India’s largest lender State Bank of India has disclosed that the Reserve Bank of India detected a divergence of Rs.11,932 crore in the amount of bad loans reported by the bank and those assessed by the regulator.
The bank had disclosed gross non-performing assets at Rs.1.72 lakh crore, while the regulator estimated it at Rs.1.84 lakh crore, the bank said in an exchange notification.
The divergence works out to about 7 percent of the disclosed gross NPAs.
According to existing norms of the RBI, a bank is required to disclose a gross NPA divergence of over 15 percent.
However, guidelines issued by the Securities oral steroids and Exchanges Board of India in November state that banks will have to make disclosures if the divergence amount is more than 10 percent of its profit before provisions and contingencies.

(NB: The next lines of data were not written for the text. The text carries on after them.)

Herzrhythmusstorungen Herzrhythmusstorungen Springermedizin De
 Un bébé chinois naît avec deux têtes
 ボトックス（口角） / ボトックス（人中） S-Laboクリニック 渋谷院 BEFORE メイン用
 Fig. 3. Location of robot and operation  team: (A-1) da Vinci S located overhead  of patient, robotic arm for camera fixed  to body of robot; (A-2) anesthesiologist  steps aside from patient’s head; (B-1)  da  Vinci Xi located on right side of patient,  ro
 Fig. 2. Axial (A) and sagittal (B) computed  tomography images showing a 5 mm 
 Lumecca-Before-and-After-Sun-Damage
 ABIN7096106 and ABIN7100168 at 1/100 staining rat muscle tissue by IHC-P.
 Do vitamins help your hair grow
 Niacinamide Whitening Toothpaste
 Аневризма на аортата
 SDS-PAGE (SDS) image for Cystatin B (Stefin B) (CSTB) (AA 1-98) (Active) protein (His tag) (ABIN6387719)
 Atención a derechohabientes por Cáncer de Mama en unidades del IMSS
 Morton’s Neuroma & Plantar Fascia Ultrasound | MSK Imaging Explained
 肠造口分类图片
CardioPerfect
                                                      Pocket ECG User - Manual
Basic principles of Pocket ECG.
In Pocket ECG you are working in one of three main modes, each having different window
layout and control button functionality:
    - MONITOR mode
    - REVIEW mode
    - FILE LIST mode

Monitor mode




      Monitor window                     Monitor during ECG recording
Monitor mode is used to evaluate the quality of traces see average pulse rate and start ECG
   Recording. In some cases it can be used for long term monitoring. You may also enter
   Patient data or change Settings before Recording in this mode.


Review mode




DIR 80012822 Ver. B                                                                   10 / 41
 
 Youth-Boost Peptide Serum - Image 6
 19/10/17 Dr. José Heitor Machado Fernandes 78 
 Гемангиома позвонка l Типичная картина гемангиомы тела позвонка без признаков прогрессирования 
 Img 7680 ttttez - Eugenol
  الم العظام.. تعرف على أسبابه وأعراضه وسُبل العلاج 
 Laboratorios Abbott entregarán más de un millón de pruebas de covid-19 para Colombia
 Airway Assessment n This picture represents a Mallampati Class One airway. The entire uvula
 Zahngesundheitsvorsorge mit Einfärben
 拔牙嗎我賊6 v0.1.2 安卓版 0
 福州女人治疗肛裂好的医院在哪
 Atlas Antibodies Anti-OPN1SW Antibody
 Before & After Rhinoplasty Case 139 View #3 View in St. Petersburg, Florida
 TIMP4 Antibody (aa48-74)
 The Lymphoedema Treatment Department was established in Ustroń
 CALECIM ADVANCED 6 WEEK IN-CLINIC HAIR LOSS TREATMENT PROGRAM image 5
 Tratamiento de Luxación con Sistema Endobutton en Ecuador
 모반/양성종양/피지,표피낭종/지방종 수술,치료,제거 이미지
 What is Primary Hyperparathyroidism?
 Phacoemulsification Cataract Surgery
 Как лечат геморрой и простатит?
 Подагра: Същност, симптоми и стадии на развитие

The net NPAs disclosed by the bank for FY19 stood at Rs 65,895 crore, while the regulator’s assessment of net NPAs was higher at Rs.77,827 crore.
Apart from SBI, nine other banks have disclosed asset quality divergence for the financial year ended in March 2019.
Yes Bank, with a gross NPA divergence of Rs.3,277 crore, or 41 percent of its reported gross NPA, was the largest of these.
The bank set aside Rs.1,06,856 crore as provisions against bad loans in FY19, while the RBI assessed provisions at Rs.1,18,892 crore.
The resultant divergence stood at 11 percent.
If the bank had made the provisions as assessed by the RBI, it would have reported a net loss of Rs.6,968 crore for the last financial year, as opposed to a profit of Rs.862 crore.
While explaining the impact of RBI’s review on the current year’s financial performance, SBI said that after adjusting for slippages and upgradations, the impact on gross NPAs in the current year will be Rs.3,143 crore.
The impact of additional provisions required on third-quarter earnings will be Rs.4,654 crore, the bank added.